_DATA EXTRACTS_.
══════════

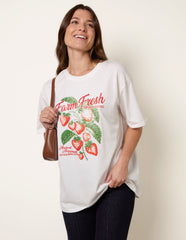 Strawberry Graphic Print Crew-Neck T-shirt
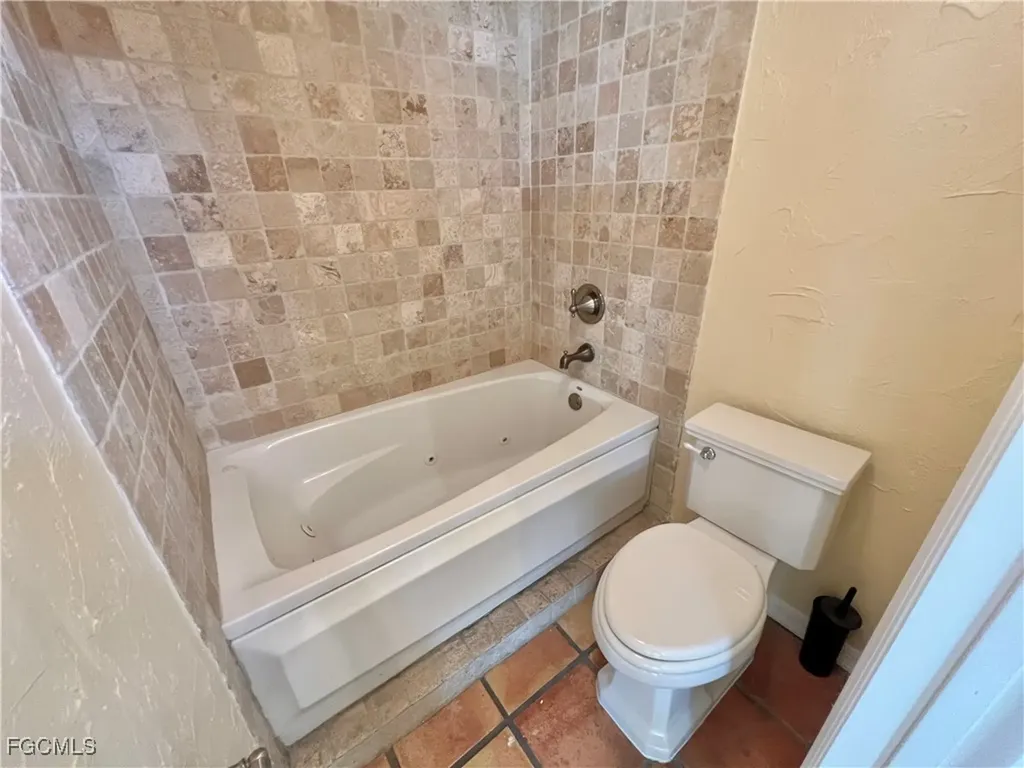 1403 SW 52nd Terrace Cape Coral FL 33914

══════════

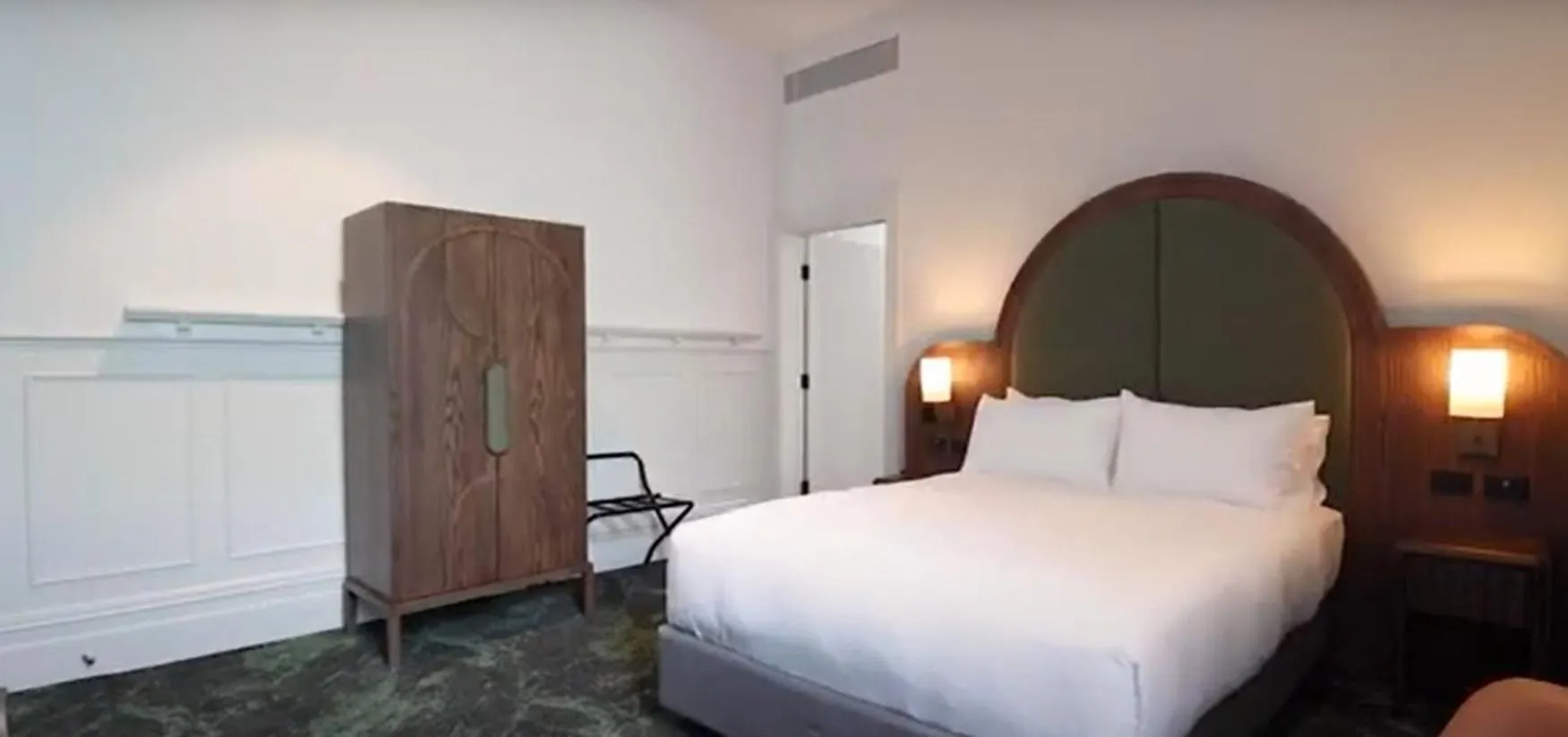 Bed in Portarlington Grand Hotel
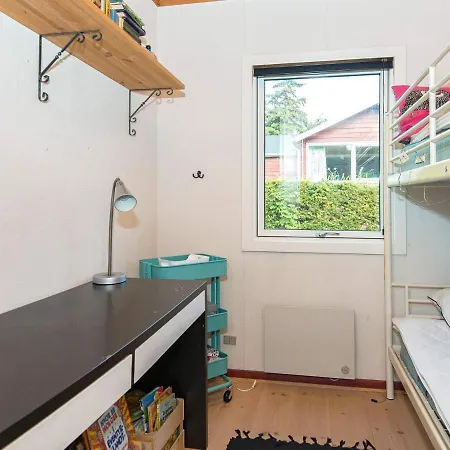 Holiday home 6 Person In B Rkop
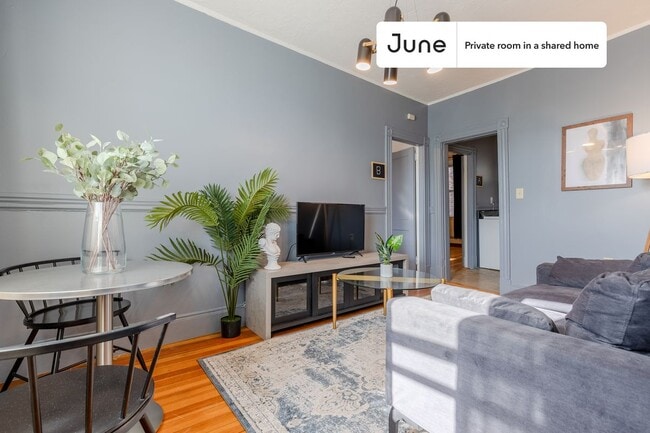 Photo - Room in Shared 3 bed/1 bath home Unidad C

══════════

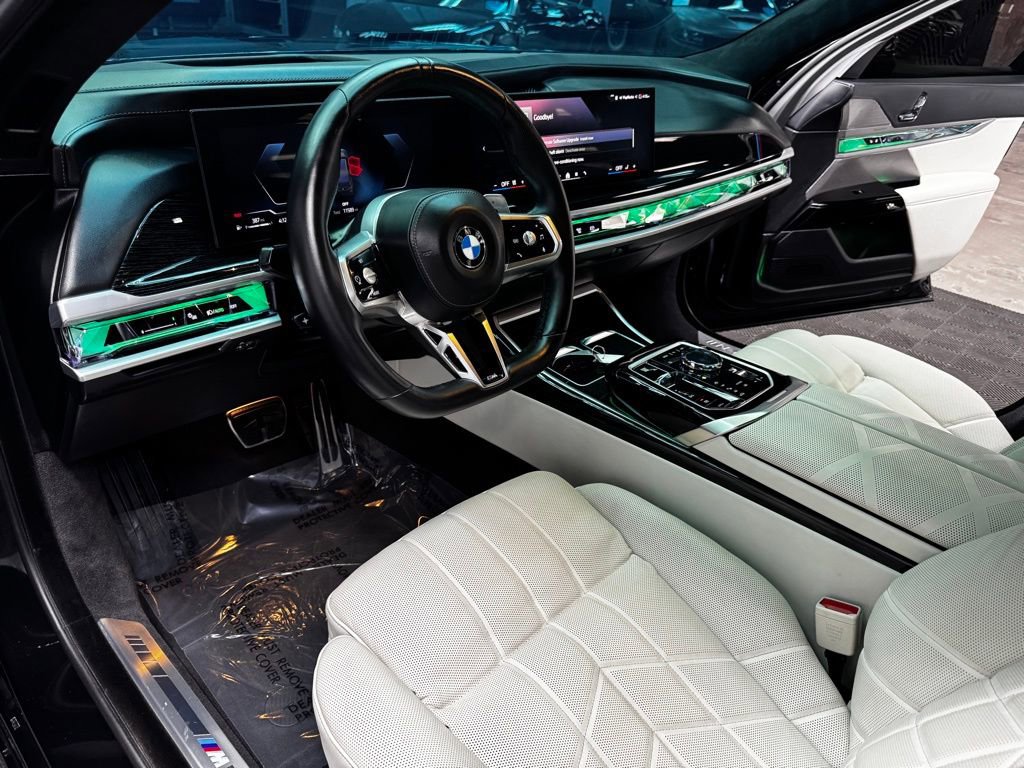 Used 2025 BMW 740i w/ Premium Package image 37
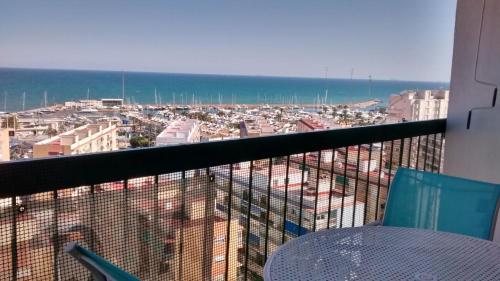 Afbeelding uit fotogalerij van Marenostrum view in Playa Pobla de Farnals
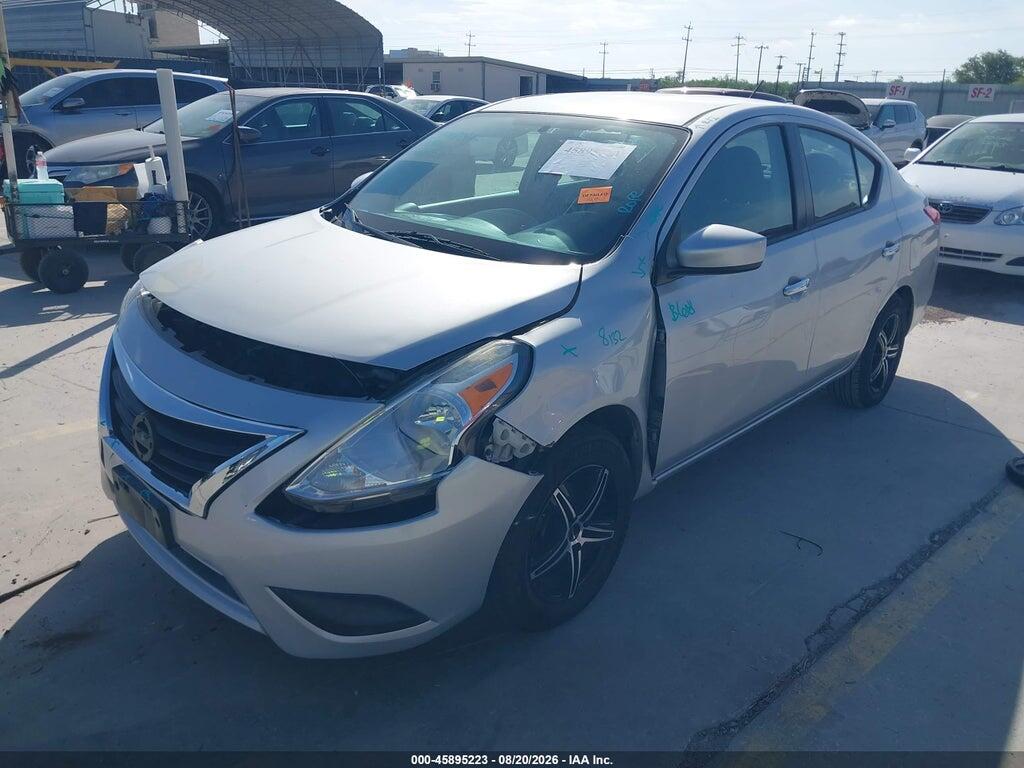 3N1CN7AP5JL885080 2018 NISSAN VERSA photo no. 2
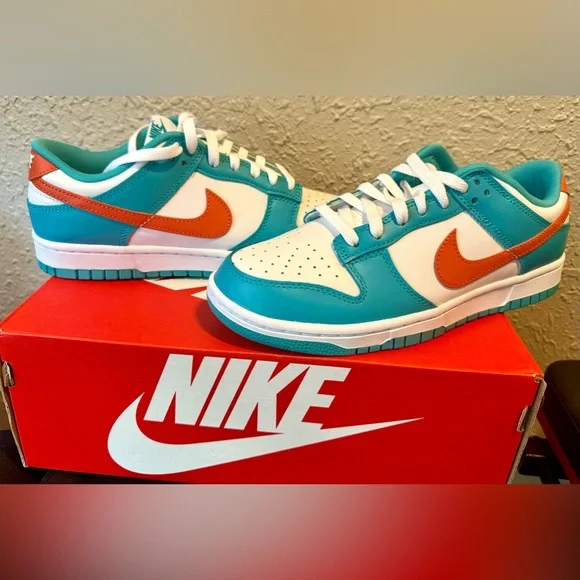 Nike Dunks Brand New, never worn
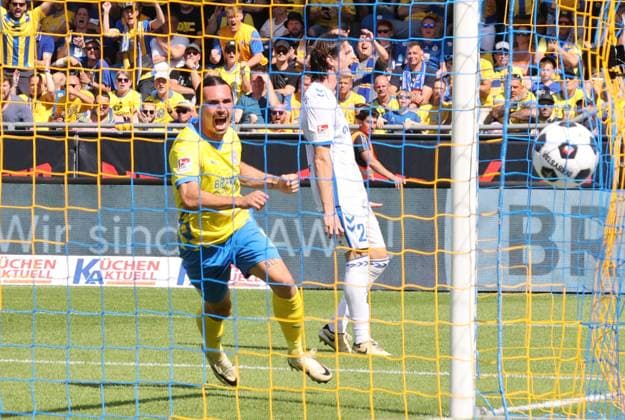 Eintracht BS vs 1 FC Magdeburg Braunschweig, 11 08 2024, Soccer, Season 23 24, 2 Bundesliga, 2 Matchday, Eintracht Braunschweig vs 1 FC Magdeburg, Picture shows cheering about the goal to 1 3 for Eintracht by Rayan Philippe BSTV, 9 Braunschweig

══════════

_WORK REQUEST_. When you reach the line containing "Strawberry Graphic Print Crew-Neck T-shirt" in the entries above, begin restating word for word, and stop once the line containing "1403 SW 52nd Terrace Cape Coral FL 33914" has been given. Omit the pictures.

_TASK ANSWER_.
 Strawberry Graphic Print Crew-Neck T-shirt
 1403 SW 52nd Terrace Cape Coral FL 33914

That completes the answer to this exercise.